What to work on: The response should be a faithful copy of every record, with nothing left out.
(Material for this task begins)
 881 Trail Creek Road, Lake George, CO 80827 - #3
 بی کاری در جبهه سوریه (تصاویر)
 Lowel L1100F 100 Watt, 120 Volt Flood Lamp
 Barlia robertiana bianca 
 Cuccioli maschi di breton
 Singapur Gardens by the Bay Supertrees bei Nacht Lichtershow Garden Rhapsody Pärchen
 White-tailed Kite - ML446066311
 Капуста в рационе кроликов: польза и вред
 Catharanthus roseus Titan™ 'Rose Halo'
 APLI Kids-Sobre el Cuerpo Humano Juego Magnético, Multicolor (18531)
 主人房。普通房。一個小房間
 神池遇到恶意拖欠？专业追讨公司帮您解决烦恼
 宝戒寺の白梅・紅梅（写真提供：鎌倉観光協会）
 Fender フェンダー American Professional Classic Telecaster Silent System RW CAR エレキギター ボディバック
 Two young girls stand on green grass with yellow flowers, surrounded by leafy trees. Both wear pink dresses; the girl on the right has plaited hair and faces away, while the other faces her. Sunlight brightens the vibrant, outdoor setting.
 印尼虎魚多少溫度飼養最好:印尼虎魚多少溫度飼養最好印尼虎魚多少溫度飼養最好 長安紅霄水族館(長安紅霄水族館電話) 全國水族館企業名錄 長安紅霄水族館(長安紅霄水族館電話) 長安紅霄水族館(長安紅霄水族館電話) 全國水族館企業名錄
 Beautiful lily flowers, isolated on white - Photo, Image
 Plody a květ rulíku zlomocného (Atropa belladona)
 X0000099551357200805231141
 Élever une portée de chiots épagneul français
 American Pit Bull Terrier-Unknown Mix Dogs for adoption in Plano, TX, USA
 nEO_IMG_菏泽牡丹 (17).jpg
(Material for this task ends)
Written reply:
 881 Trail Creek Road, Lake George, CO 80827 - #3
 بی کاری در جبهه سوریه (تصاویر)
 Lowel L1100F 100 Watt, 120 Volt Flood Lamp
 Barlia robertiana bianca 
 Cuccioli maschi di breton
 Singapur Gardens by the Bay Supertrees bei Nacht Lichtershow Garden Rhapsody Pärchen
 White-tailed Kite - ML446066311
 Капуста в рационе кроликов: польза и вред
 Catharanthus roseus Titan™ 'Rose Halo'
 APLI Kids-Sobre el Cuerpo Humano Juego Magnético, Multicolor (18531)
 主人房。普通房。一個小房間
 神池遇到恶意拖欠？专业追讨公司帮您解决烦恼
 宝戒寺の白梅・紅梅（写真提供：鎌倉観光協会）
 Fender フェンダー American Professional Classic Telecaster Silent System RW CAR エレキギター ボディバック
 Two young girls stand on green grass with yellow flowers, surrounded by leafy trees. Both wear pink dresses; the girl on the right has plaited hair and faces away, while the other faces her. Sunlight brightens the vibrant, outdoor setting.
 印尼虎魚多少溫度飼養最好:印尼虎魚多少溫度飼養最好印尼虎魚多少溫度飼養最好 長安紅霄水族館(長安紅霄水族館電話) 全國水族館企業名錄 長安紅霄水族館(長安紅霄水族館電話) 長安紅霄水族館(長安紅霄水族館電話) 全國水族館企業名錄
 Beautiful lily flowers, isolated on white - Photo, Image
 Plody a květ rulíku zlomocného (Atropa belladona)
 X0000099551357200805231141
 Élever une portée de chiots épagneul français
 American Pit Bull Terrier-Unknown Mix Dogs for adoption in Plano, TX, USA
 nEO_IMG_菏泽牡丹 (17).jpg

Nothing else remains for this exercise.